Núria Güell & Shahram Khosravi

Interpellation versus representation? & Prosopagnosia / Zwei Vorträge und ein Dialog

  • Dialog
Englisch /  60 Minuten

Im Anschluss an zwei Kurzvorträge, in denen die Performancekünstlerin Núria Güell und der Ethnologe Shahram Khosravi in ihre Arbeit einführen, treten sie in einen Dialog über den menschlichen Körper unter den Bedingungen der Migration.

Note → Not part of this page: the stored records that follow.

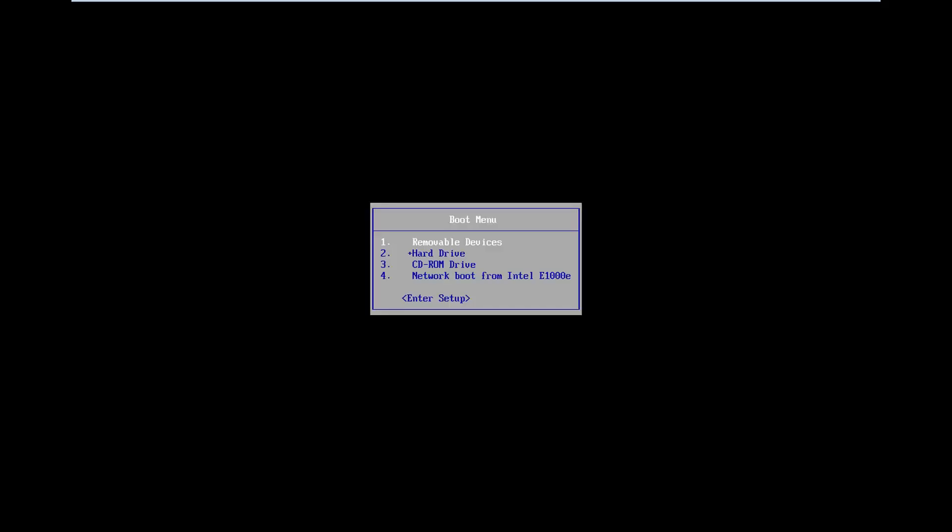Hello everyone, how are you doing? This is MT Tech here with another quick tutorial. In today's tutorial I'm going to show you guys how to hopefully repair Windows 8 if you're stuck in a boot loop, black screen, acting very slow, etc.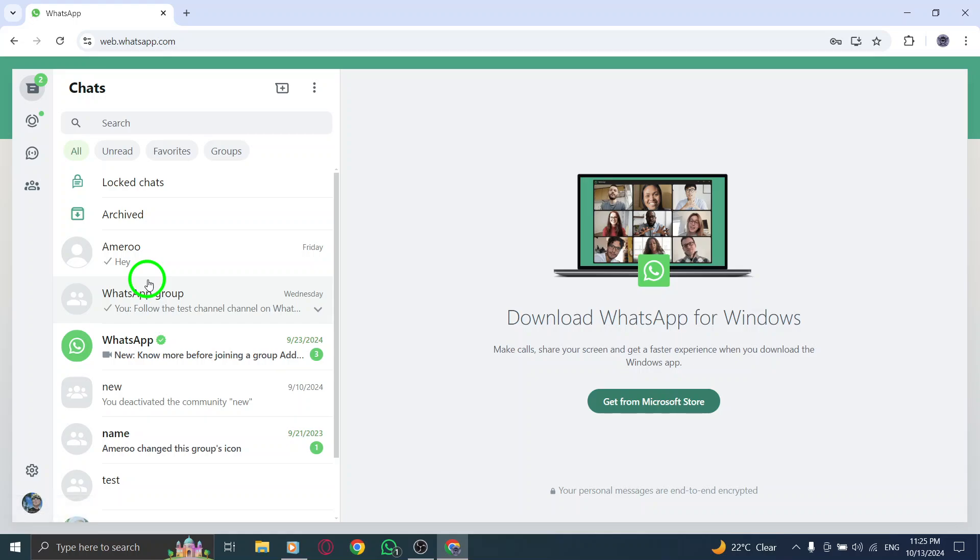Finally, confirm the step by clicking the appropriate option. Once confirmed, the chat will be locked, ensuring that only you can view it. And there you have it.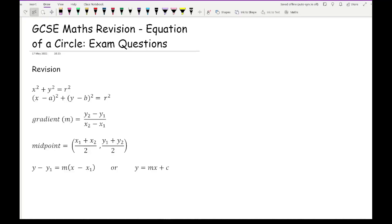Before we get started on revision questions based around the equation of a circle, let's review some important formulas that will make your life a little bit easier. Some of these formulas are given and more prominently used at a higher level — for example, if you're studying Level 2 Further Maths or A Level — however, if you were to use them in a GCSE exam you would still get full marks. Just be aware that you may not have been introduced to these formulas.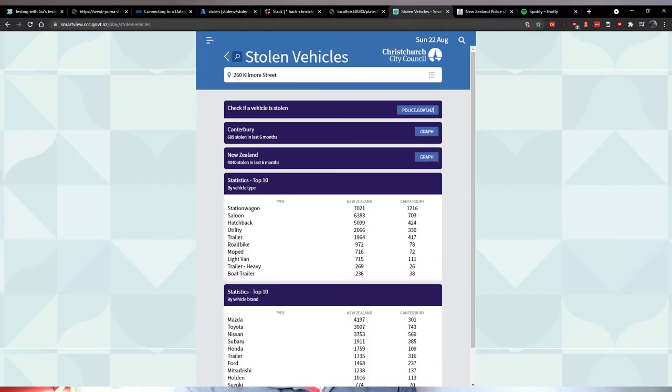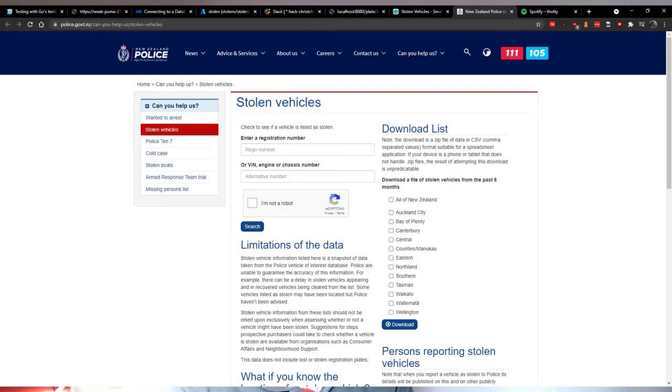This is one of the data things they have within the Smart View, where it's got a link to see the vehicles stolen along with some stats. You can click on this and it will take you to the police website where you can download a CSV file of the data from the last six months. This is the data that I used.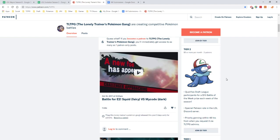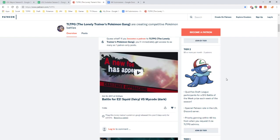And then we have Tier 2, which is $5 or more per month. Three Patrons doing that currently, which qualifies the LDL Draft League participants for a $15 Battle of the Week prize each week of the season. So for every 12 weeks, one winner of the battle that week that they won can possibly win $15 if their battle was the best to watch. You also get a special Patreon role in the LDL Discord server, and you also get priority genning within 48 hours of you typing @ genner who is available to help me gen. Within 48 hours, fast service, quick and easy.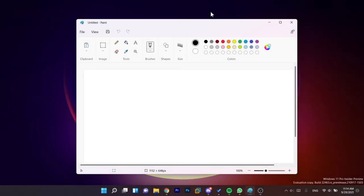Hi guys and welcome to TechBased. In this video we're going to talk about the new Paint app from Windows 11.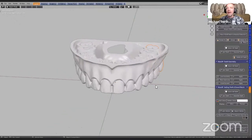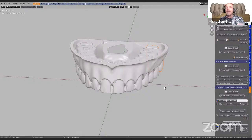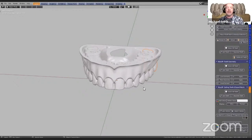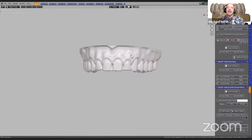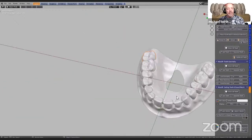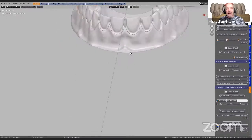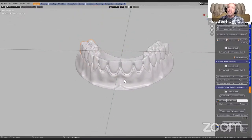Now, every program is different. Some programs, if you import the models into Blender, they're standing face up. And this one, we're working in a different orientation. I don't have a lower model for this, so what we're going to do is just go straight ahead and proceed and take it as it goes.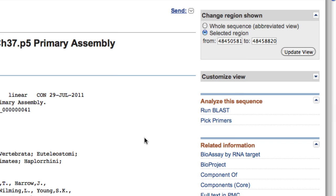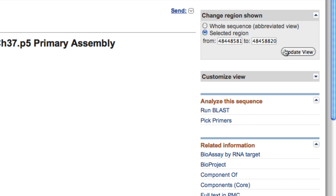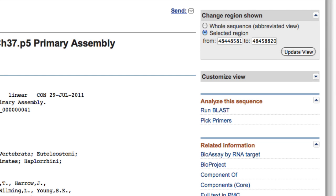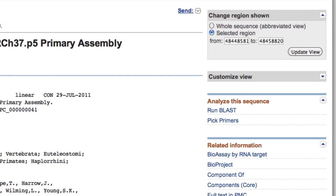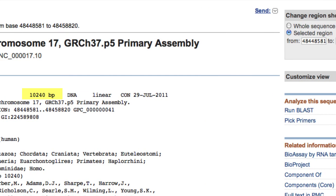If you want to include, say, 2 kilobases of upstream sequence, decrease the from coordinate by 2,000. Click Update View, then download as before. Note how the number of base pairs increases by 2,000.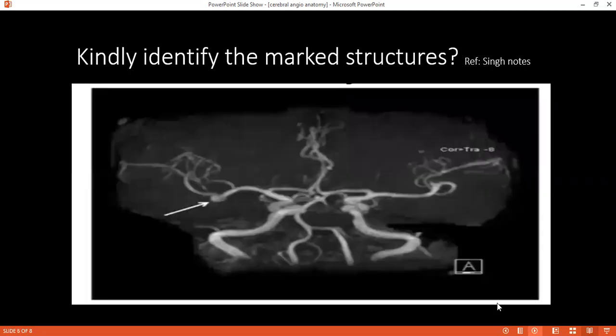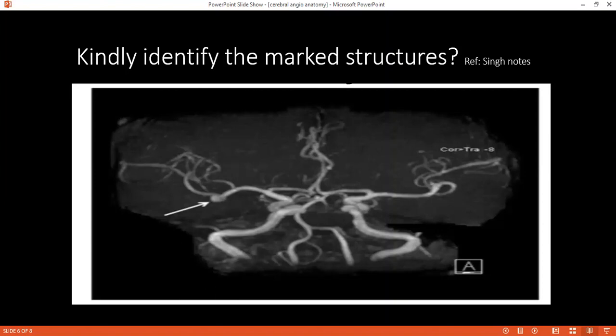And this arrow is pointing at something — can you identify it, please? It is pointing at the left and right middle cerebral artery.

Interpellation Versus Representation?
Vortrag von Núria Güell

Was lässt sich dagegen tun, dass die Darstellung von Menschen, die unter gesellschaftlicher und politischer Gewalt leiden, auf “gute”, menschenfreundliche Absichten reduziert wird? Bietet die Möglichkeit der Interpellation gegenüber der Repräsentation neue Perspektiven, um dieses Problem anzugehen? Wie vermag die Kunst ein subversives Potenzial zu wecken, mit dem das, an das wir uns gewöhnt haben, wieder de-normalisiert wird? Wie können neue Bündnisse und Kooperationen der diskursiven oder politischen Instrumentalisierung dieser Phänomene entgegenwirken? Wie können kulturelle Institutionen sich aufrichtig der Realität stellen, wenn das bedeutet, über das moralisch Akzeptierte hinauszugehen?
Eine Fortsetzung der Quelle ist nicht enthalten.